TASK PROMPT → Only the lines from the one that contains "Крышка багажника Skoda YETI 2015" to the last line below, both included, should be transcribed. Pictures stay out of the copy.

SUPPLIED MATERIAL →
▬▬▬▬▬▬▬▬▬▬

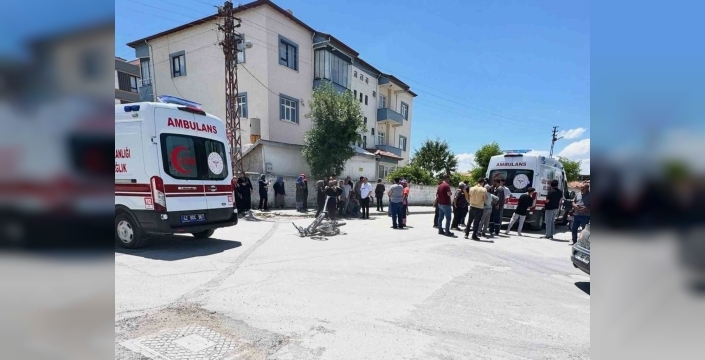 Konya'da ölümle burun buruna: Beton mikseriyle çarpışan motosiklettekiler mucize eseri kurtuldu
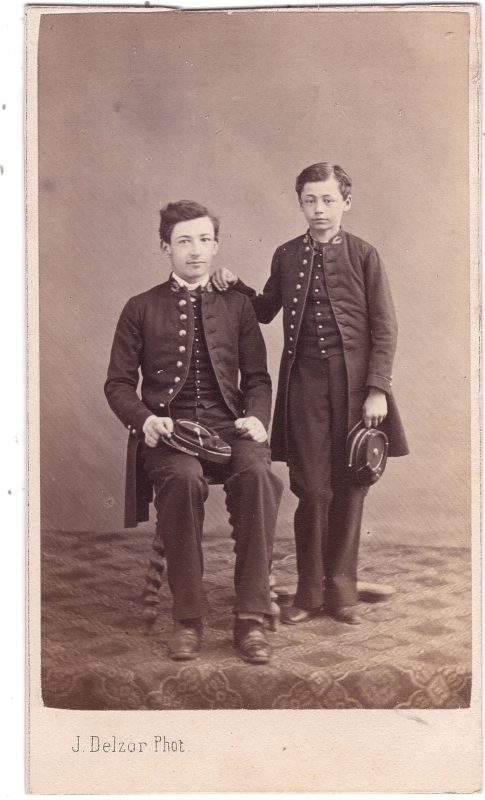 Deux frères (?) en uniforme de lycéen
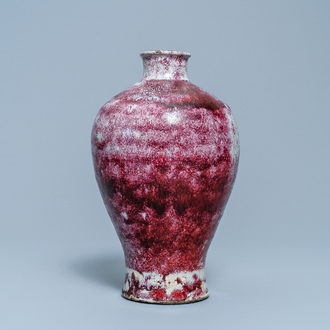 Un vase de forme meiping de type junyao, Yuan ou Ming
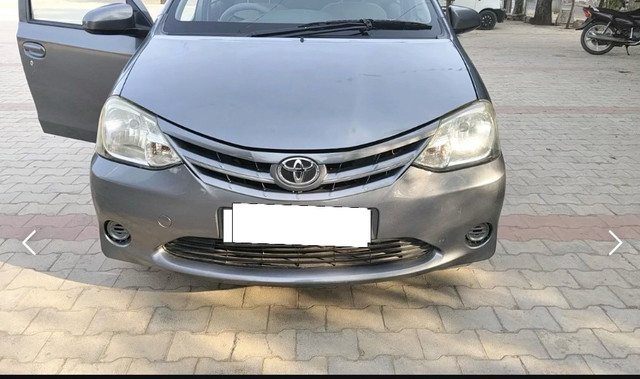 Second-hand 2014 Toyota Etios G for sale in Gandhinagar-0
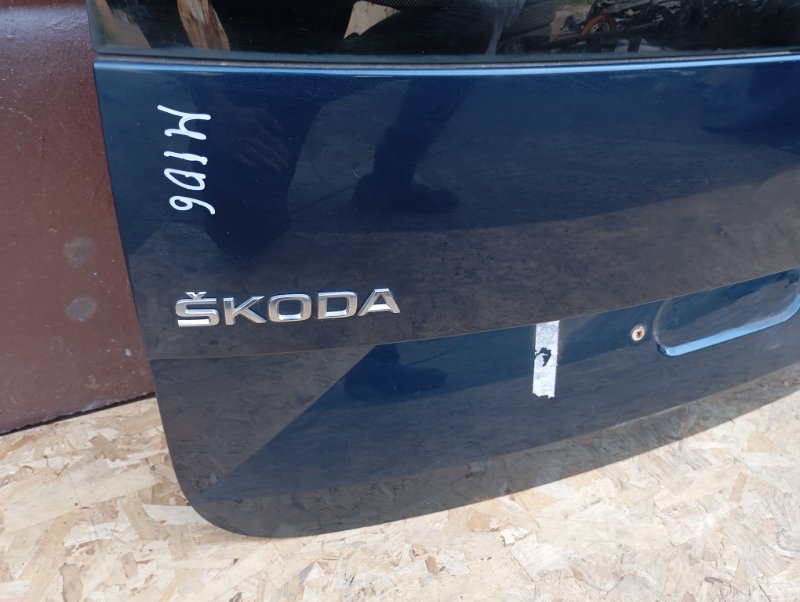 Крышка багажника Skoda YETI 2015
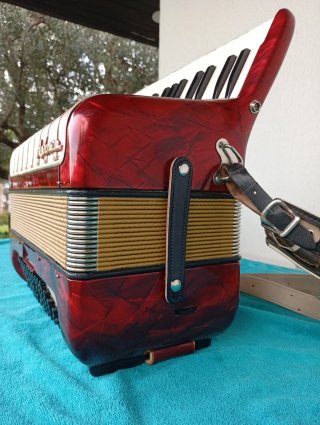 Acordeón Hohner Concerto III Rojo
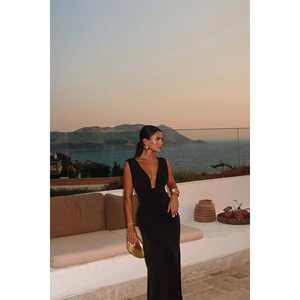 Robe de soirée noire Isole avec détail rose, robe de bal longue pour femme, fente latérale, silhouette droite, taille empire, du XS au XL, pour le bal de promo - Product Image 4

▬▬▬▬▬▬▬▬▬▬

TASK ANSWER →
 Крышка багажника Skoda YETI 2015
 Acordeón Hohner Concerto III Rojo
 Robe de soirée noire Isole avec détail rose, robe de bal longue pour femme, fente latérale, silhouette droite, taille empire, du XS au XL, pour le bal de promo - Product Image 4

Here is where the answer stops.